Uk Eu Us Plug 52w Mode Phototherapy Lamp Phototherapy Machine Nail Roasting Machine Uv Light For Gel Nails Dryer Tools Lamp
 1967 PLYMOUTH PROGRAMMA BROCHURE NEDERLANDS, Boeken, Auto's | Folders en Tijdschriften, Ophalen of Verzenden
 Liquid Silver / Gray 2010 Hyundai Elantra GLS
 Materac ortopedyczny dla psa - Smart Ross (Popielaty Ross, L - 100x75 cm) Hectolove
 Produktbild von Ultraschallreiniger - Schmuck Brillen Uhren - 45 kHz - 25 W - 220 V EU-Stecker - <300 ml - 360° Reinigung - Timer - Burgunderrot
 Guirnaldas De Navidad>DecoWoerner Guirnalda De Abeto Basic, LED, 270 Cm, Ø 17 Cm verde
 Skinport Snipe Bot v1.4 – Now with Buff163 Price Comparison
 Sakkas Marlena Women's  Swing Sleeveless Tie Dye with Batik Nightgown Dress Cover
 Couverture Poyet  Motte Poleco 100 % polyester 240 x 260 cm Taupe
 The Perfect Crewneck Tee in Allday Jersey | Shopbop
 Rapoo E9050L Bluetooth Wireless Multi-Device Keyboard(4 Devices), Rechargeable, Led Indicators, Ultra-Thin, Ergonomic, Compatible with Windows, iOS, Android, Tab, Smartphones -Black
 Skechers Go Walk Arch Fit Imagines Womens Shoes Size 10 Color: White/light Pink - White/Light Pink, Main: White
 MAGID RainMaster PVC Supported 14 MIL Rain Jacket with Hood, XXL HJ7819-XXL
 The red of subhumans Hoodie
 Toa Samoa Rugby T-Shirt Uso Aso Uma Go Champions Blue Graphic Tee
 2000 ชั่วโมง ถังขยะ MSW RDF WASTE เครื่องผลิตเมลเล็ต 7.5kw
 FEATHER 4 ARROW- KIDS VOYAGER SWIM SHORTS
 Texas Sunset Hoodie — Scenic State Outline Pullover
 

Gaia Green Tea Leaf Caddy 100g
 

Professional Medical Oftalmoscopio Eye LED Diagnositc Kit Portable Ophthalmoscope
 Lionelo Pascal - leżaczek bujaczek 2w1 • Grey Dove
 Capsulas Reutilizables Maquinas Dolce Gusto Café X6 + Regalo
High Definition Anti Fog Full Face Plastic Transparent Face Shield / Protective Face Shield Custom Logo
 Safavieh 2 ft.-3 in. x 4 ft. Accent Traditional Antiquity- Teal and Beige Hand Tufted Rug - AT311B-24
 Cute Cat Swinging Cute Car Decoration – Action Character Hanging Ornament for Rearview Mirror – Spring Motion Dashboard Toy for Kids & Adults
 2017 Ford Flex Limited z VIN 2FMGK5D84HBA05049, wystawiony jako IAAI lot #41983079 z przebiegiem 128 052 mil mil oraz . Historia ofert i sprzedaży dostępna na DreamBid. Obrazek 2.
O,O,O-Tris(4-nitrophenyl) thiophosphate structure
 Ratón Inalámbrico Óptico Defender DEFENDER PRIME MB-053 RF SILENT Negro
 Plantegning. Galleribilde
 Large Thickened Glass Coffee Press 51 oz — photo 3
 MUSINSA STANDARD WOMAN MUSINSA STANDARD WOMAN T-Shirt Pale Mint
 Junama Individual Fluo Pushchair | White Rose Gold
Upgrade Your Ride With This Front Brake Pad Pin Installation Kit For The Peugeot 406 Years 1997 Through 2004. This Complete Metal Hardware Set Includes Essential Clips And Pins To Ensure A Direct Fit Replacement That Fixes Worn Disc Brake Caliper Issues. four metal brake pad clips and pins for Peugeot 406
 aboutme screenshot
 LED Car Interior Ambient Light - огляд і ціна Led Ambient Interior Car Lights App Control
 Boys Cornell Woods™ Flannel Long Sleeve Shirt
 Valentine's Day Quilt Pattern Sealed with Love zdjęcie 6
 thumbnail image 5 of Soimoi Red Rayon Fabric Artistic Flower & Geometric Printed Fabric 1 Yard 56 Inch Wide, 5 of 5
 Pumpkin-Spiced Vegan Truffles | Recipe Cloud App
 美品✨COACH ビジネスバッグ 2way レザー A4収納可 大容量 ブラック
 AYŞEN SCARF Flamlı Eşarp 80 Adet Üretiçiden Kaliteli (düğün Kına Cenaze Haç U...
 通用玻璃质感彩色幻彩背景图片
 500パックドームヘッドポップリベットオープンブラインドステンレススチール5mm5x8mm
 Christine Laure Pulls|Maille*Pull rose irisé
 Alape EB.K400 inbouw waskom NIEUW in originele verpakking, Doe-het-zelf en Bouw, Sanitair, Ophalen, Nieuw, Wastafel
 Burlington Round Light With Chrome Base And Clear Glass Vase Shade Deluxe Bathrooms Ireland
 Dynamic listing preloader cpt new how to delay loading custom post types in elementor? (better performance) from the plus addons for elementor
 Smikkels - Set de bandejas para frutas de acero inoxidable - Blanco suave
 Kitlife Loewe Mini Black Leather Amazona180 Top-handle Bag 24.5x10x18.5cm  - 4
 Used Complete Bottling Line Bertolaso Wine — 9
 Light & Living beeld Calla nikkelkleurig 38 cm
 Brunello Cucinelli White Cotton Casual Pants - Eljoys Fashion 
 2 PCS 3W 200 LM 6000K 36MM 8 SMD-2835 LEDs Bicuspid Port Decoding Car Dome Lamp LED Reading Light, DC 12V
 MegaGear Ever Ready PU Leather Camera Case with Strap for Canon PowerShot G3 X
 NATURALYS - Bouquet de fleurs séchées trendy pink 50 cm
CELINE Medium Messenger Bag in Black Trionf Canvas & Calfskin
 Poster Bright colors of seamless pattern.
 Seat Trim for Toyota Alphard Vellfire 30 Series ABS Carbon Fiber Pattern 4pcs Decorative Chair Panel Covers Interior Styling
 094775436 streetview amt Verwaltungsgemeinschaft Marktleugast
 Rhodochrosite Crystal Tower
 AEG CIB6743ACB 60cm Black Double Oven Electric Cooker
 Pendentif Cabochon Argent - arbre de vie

» Your instructions: Start with the line above that contains "Boys Cornell Woods™" and end with the line that contains "美品✨COACH ビジネスバッグ 2way レザー A4収納可 大容量 ブラック". Write out those lines exactly, and only those.

» Written answer:
 Boys Cornell Woods™ Flannel Long Sleeve Shirt
 Valentine's Day Quilt Pattern Sealed with Love zdjęcie 6
 thumbnail image 5 of Soimoi Red Rayon Fabric Artistic Flower & Geometric Printed Fabric 1 Yard 56 Inch Wide, 5 of 5
 Pumpkin-Spiced Vegan Truffles | Recipe Cloud App
 美品✨COACH ビジネスバッグ 2way レザー A4収納可 大容量 ブラック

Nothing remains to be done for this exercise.